TASK TO COMPLETE =>
Starting from the line that holds "2036 Paul Ave, Clovis, CA 93611", output exactly each line through the end of the listing. Do not copy pictures.

RECORDS FOR THIS TASK =>
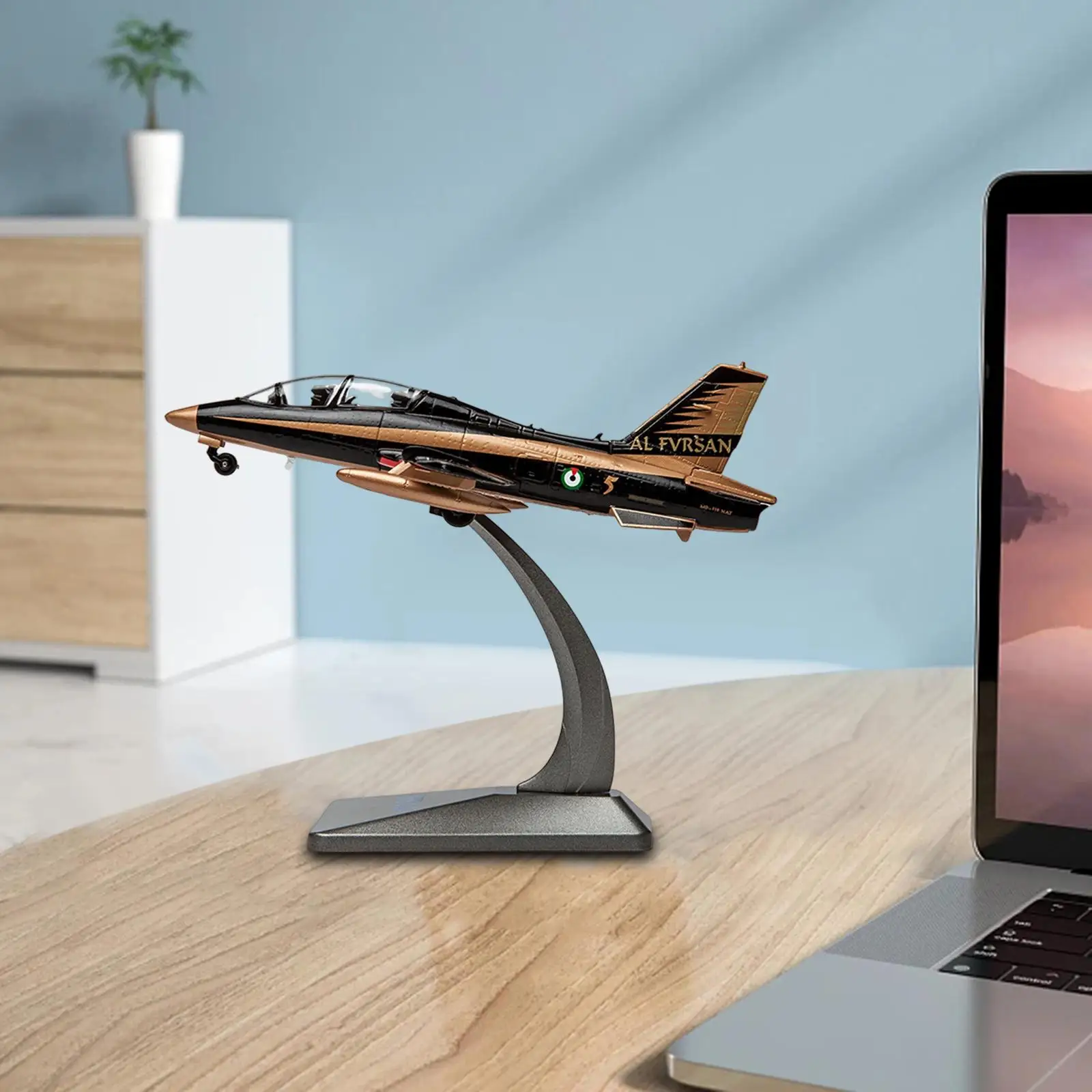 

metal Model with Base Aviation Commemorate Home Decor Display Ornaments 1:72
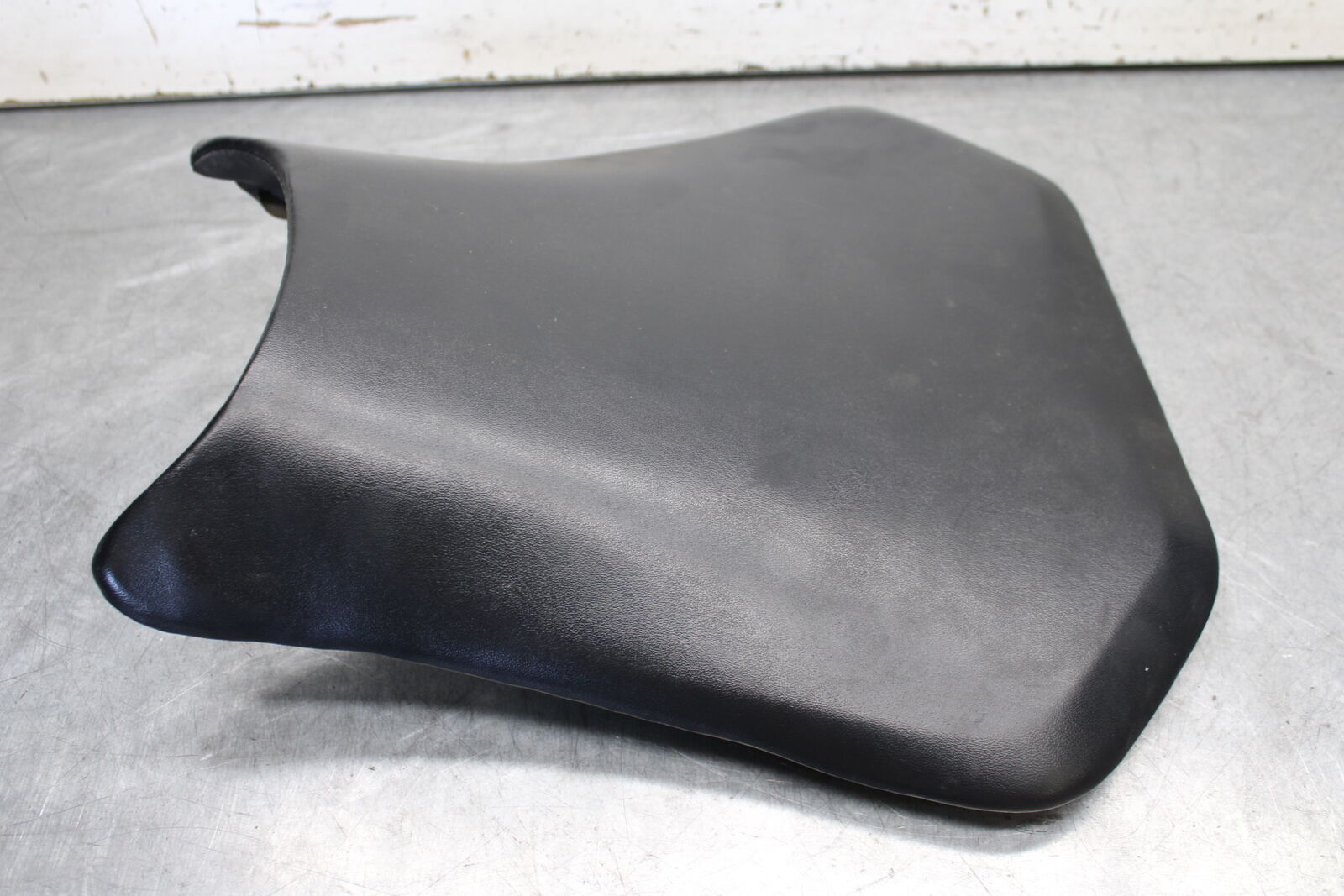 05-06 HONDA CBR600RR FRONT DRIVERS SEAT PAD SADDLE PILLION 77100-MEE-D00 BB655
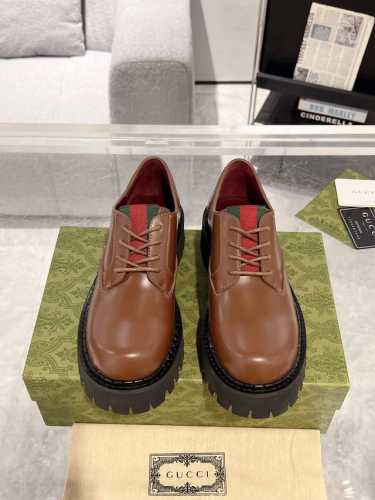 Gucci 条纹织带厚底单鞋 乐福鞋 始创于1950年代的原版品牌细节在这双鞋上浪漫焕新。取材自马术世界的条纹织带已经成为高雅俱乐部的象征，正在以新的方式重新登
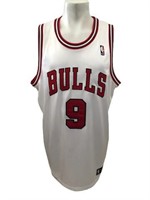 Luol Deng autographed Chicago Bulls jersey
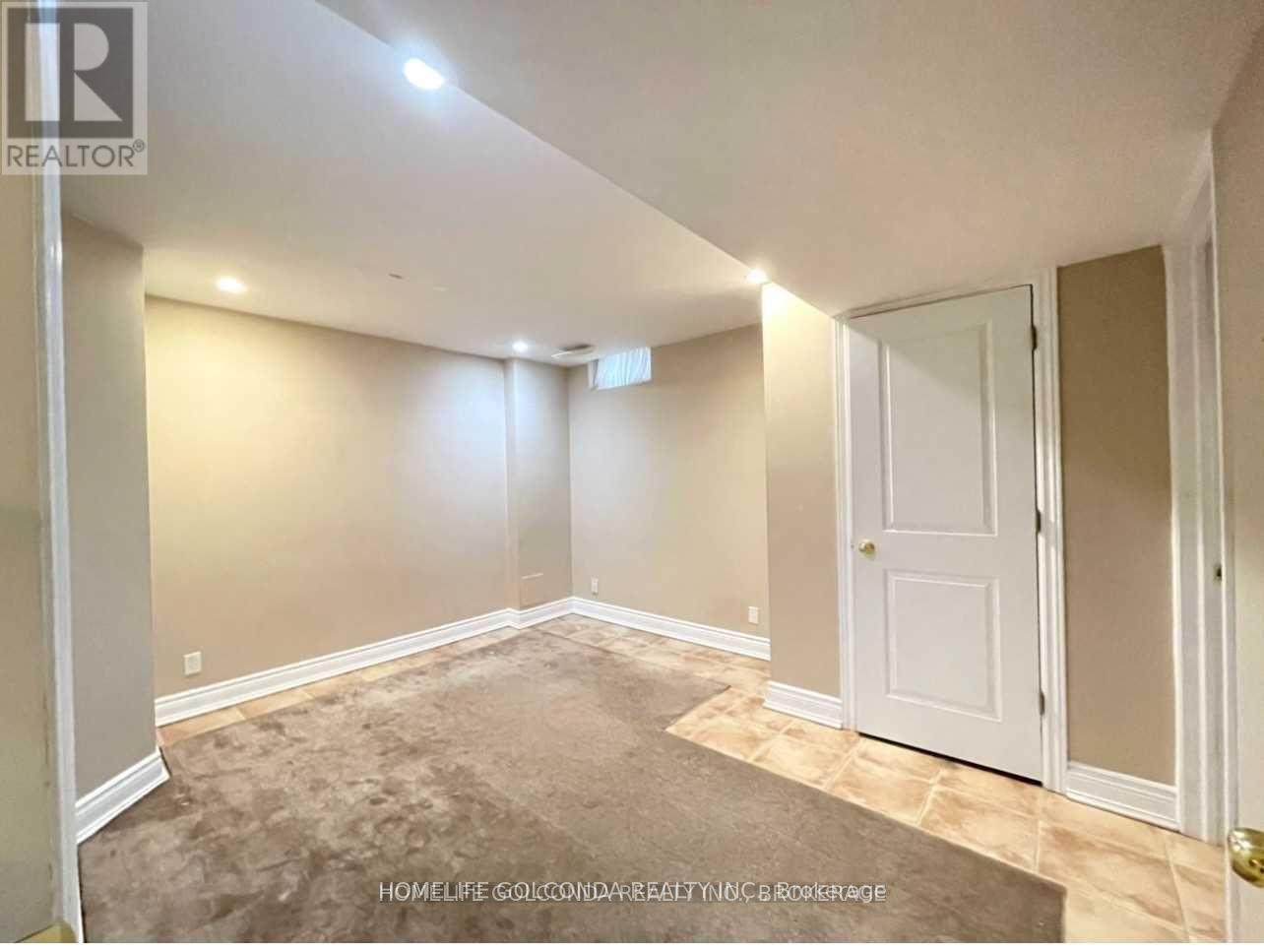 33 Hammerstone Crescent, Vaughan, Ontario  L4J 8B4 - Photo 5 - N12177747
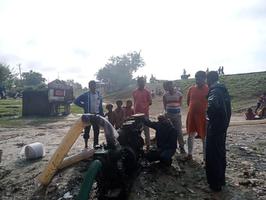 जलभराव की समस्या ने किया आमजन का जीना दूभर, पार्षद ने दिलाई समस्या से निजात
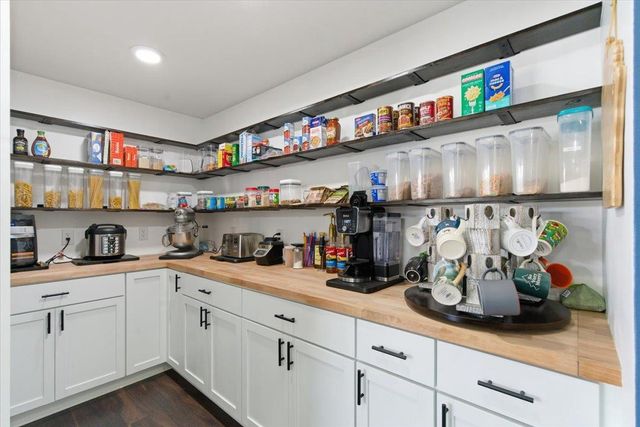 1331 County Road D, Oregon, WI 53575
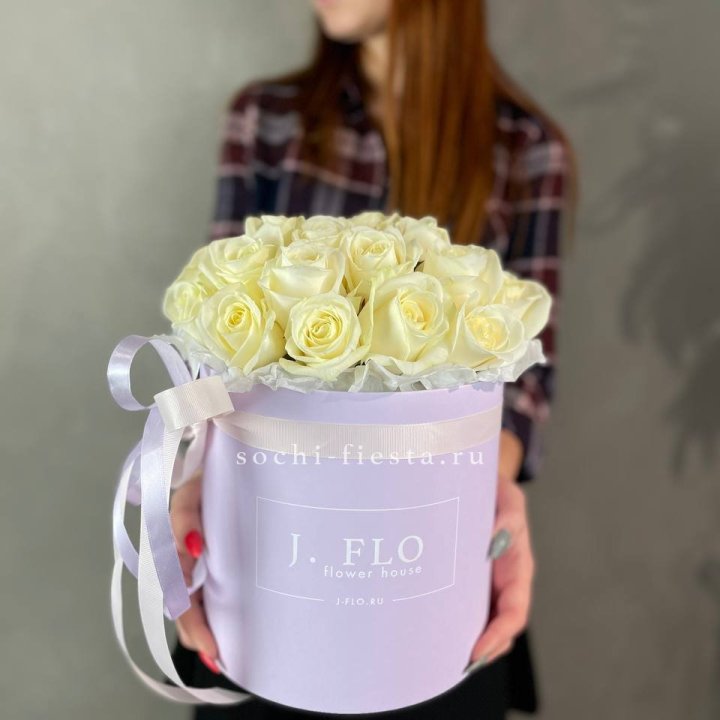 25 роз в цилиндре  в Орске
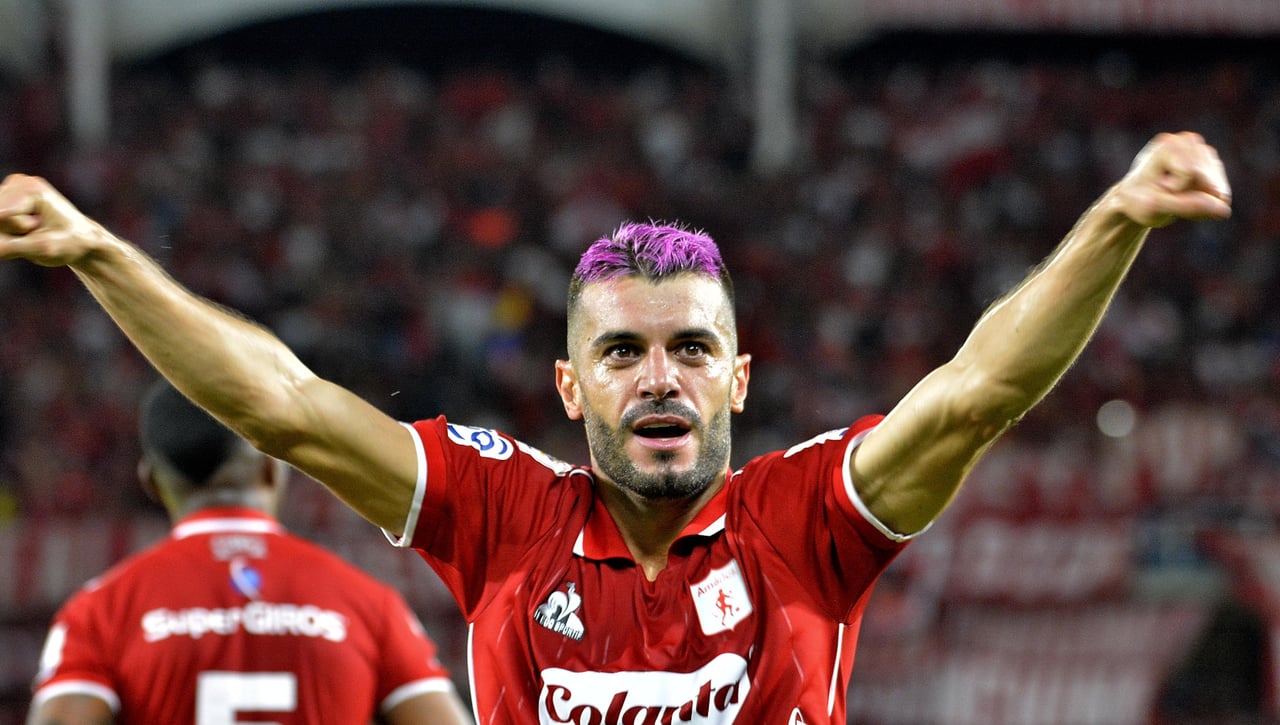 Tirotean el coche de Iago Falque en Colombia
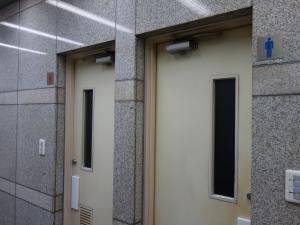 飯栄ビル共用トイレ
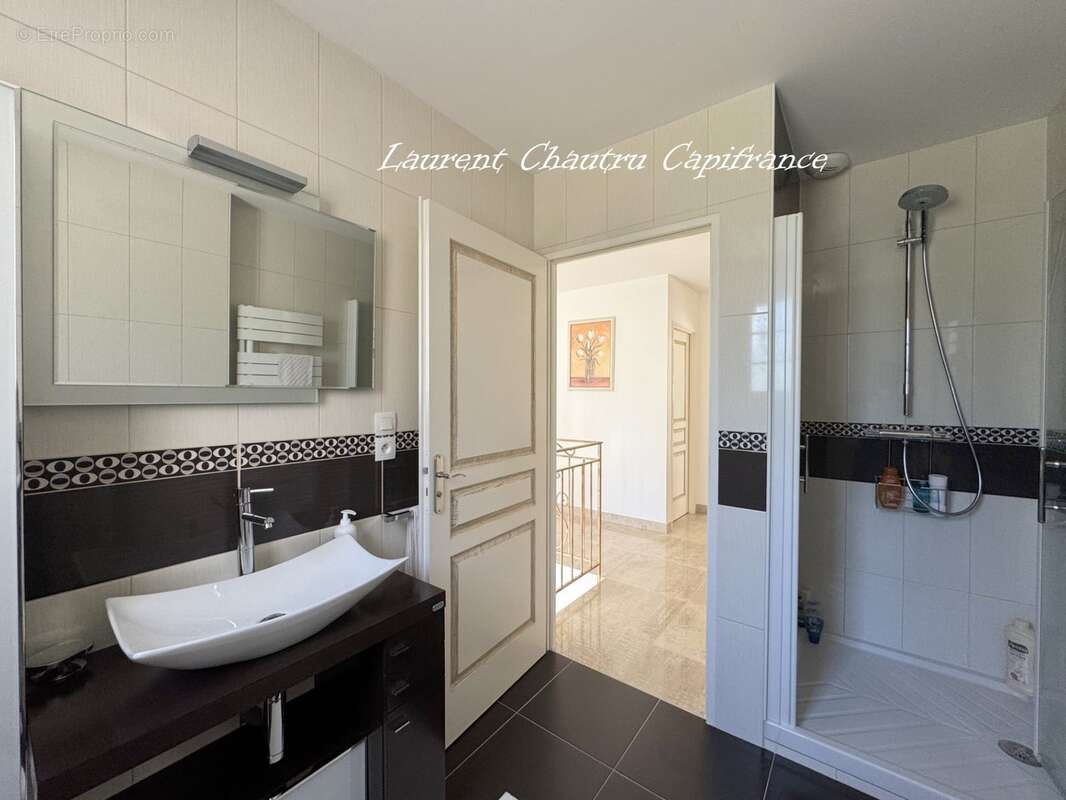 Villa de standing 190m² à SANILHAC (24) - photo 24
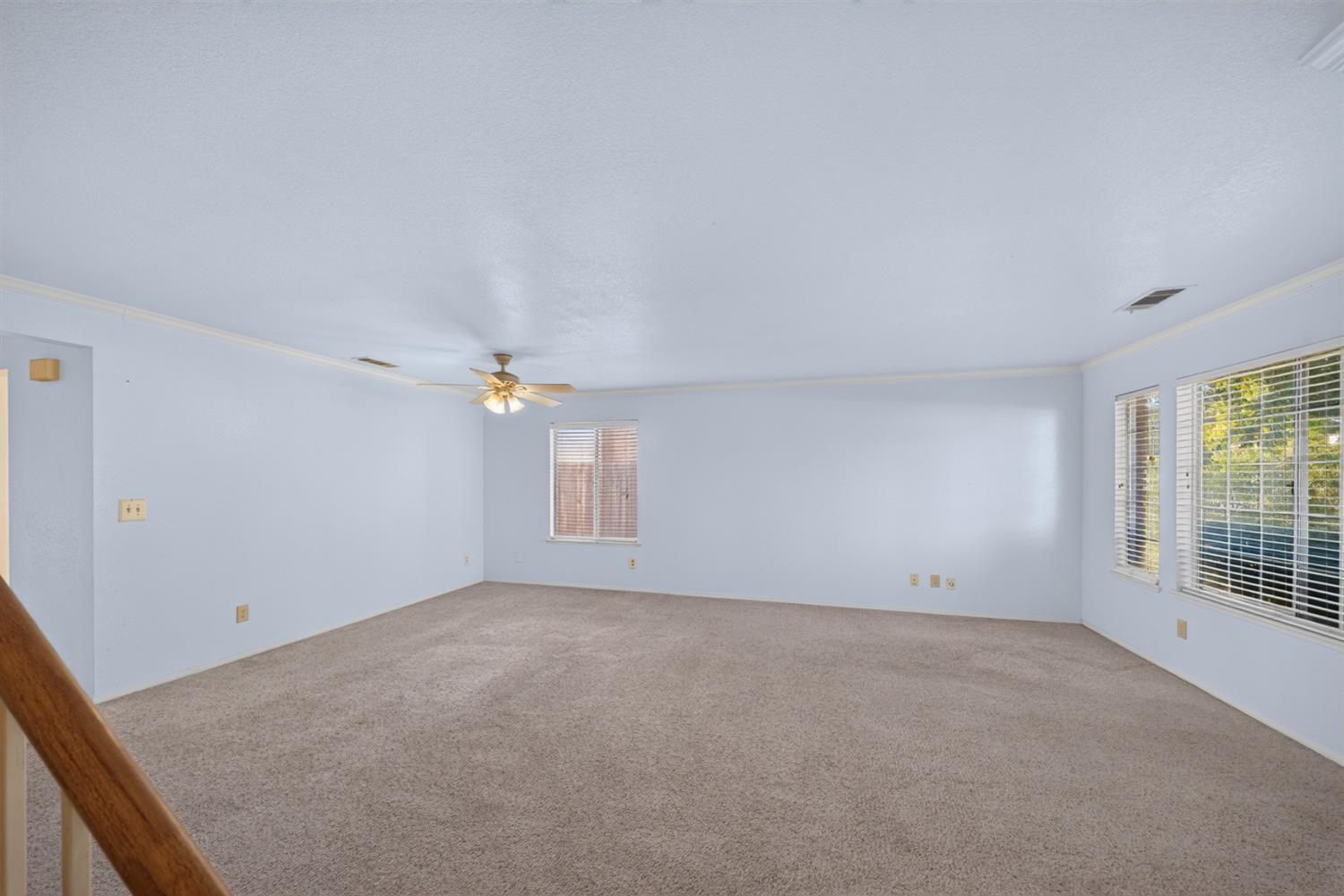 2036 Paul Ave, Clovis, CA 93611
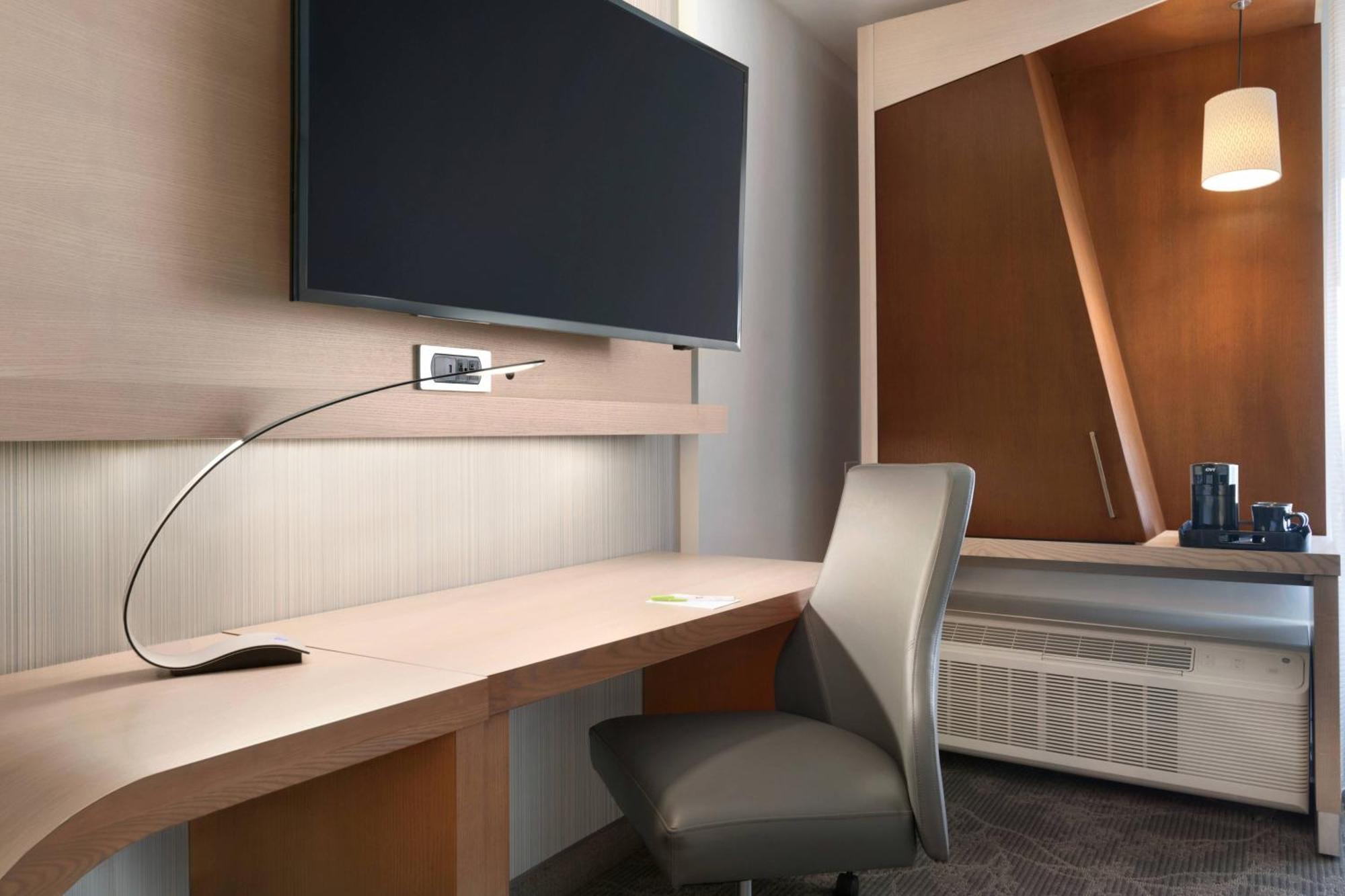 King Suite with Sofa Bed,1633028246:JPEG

RESPONSE AREA =>
 2036 Paul Ave, Clovis, CA 93611
 King Suite with Sofa Bed,1633028246:JPEG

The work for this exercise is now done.